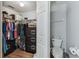 Walk-in closet and toilet area at 24231 Satinwood Ct, Lutz, FL 33559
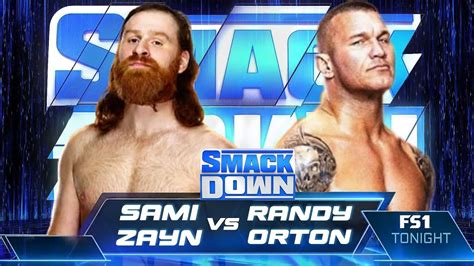 Sami Zayn Vs Randy Orton Smackdown Ter 30 Jan 2024 Youtube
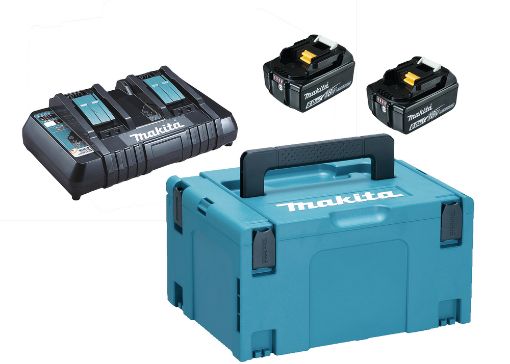 Akukomplekt PowerPack LXT® - 2x18V 6,0Ah + DC18RD Makpac kohvris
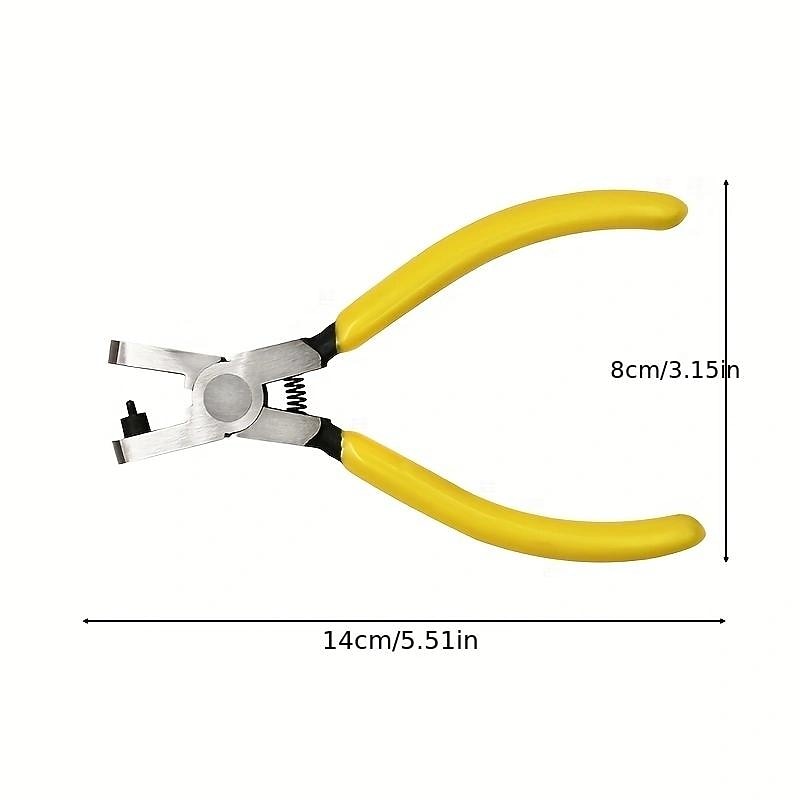 Universal Hand Strap Watch Band Belt Punching Puncher, Leather Punch Tool Hole Pliers Tools 2.0mm2
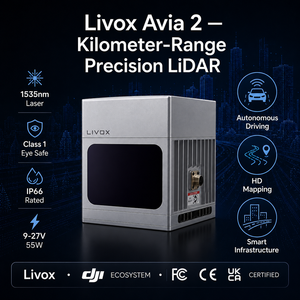 เซ็นเซอร์ LiDAR Livox AVIA2 1535nm แบบสแกนไม่ซ้ำกัน ระดับ Class 1 IP66 50W M12 สำหรับการทำแผนที่ด้วย UAV หุ่นยนต์ ADAS และการขับขี่อัตโนมัติ - Product Image 3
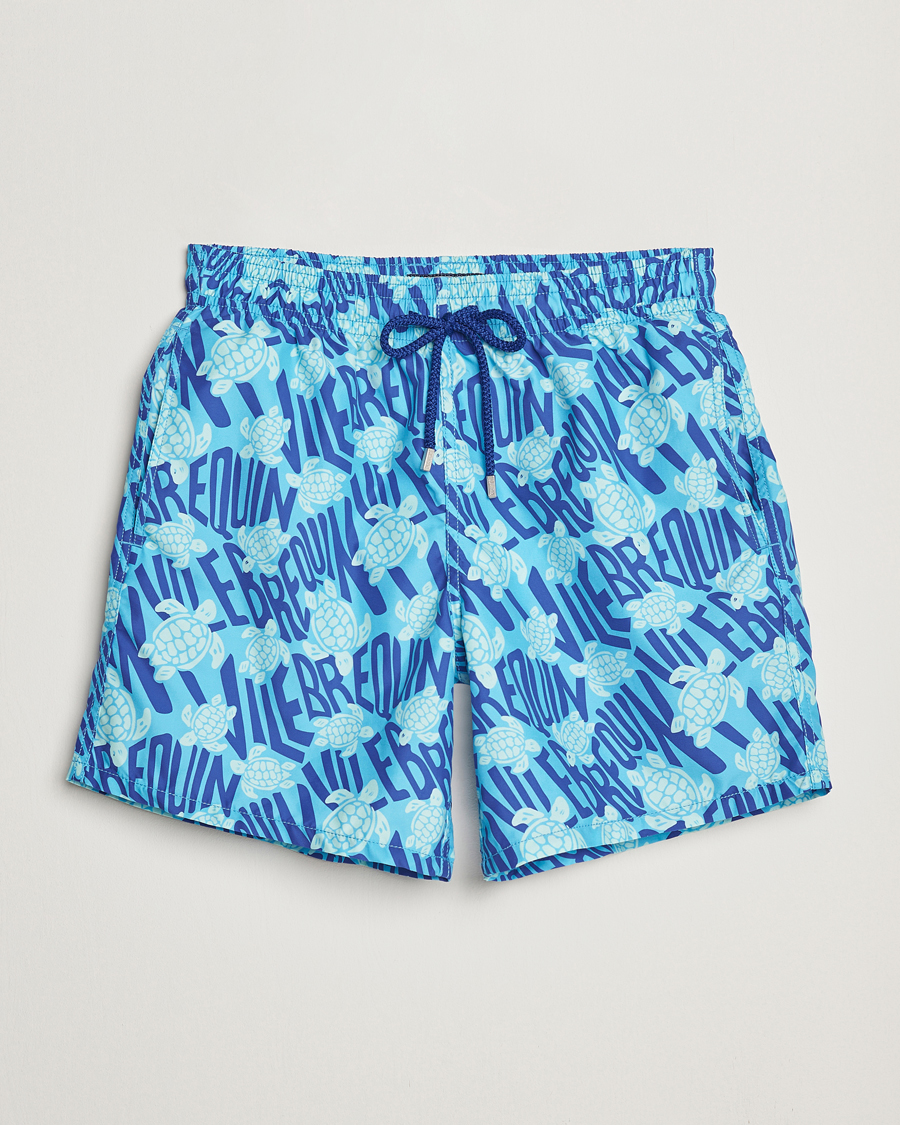 Herre | Badebukser | Vilebrequin | Moorea Swimshorts Topaze Bleue
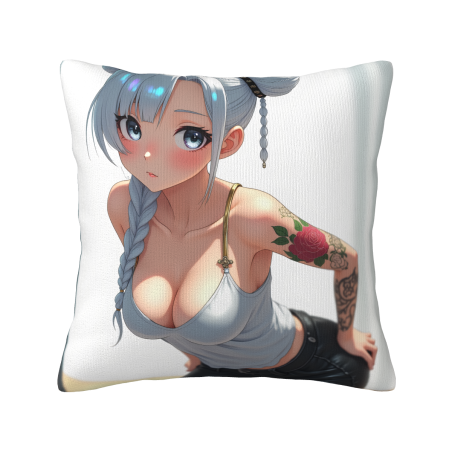 Housse de Coussin Peluche Anime Fille - Okomall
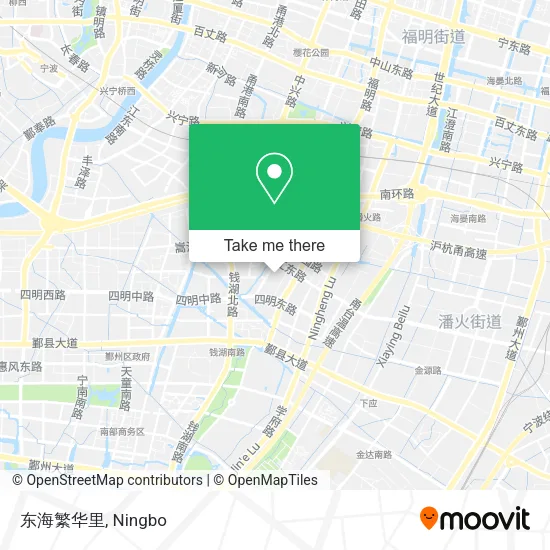 东海繁华里 map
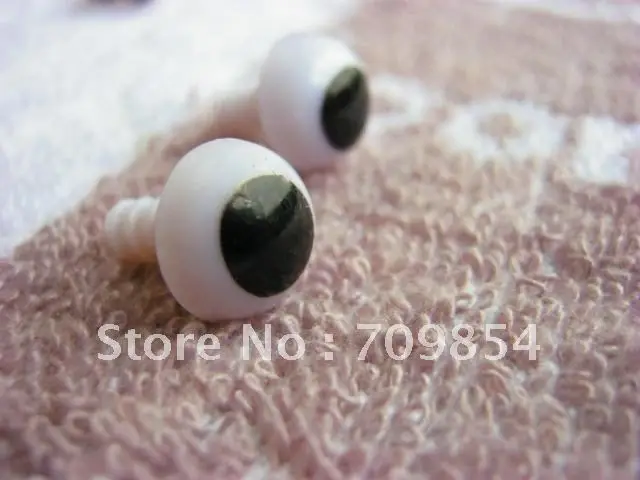 free shipping!!! 500pcs/lot 12mm white animal round PLASTIC eyes PLUSH BEAR with stem
free shipping!!! 500pcs/lot 12mm white animal round PLASTIC eyes PLUSH BEAR with stem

========

- Exercise aim -
Beginning with the line that holds "Herre | Badebukser", extract every line to the end of the material, exactly as it stands, and drop the pictures.

- Answer below -
 Herre | Badebukser | Vilebrequin | Moorea Swimshorts Topaze Bleue
 Housse de Coussin Peluche Anime Fille - Okomall
 东海繁华里 map
 free shipping!!! 500pcs/lot 12mm white animal round PLASTIC eyes PLUSH BEAR with stem
free shipping!!! 500pcs/lot 12mm white animal round PLASTIC eyes PLUSH BEAR with stem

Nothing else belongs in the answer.